• What needs to be done:
Reproduce word for word the lines between those holding "Apartamento para alugar" and "Santogold: Santogold (2008)", inclusive, and nothing else from the data below.

• Supplied material:

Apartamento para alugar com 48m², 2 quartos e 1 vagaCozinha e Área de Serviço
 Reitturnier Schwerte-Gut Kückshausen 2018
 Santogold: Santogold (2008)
...
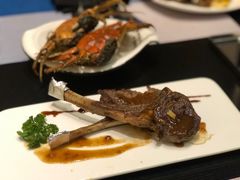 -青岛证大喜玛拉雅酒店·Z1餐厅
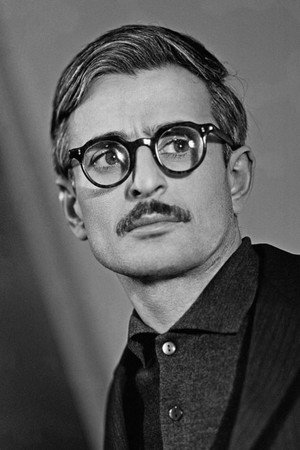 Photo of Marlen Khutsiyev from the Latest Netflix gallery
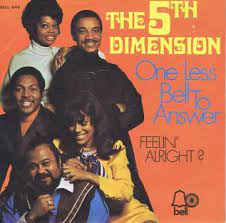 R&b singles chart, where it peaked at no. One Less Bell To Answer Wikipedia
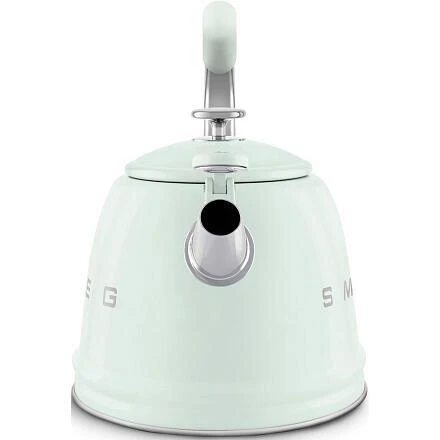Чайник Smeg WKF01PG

• Task answer:
Apartamento para alugar com 48m², 2 quartos e 1 vagaCozinha e Área de Serviço
 Reitturnier Schwerte-Gut Kückshausen 2018
 Santogold: Santogold (2008)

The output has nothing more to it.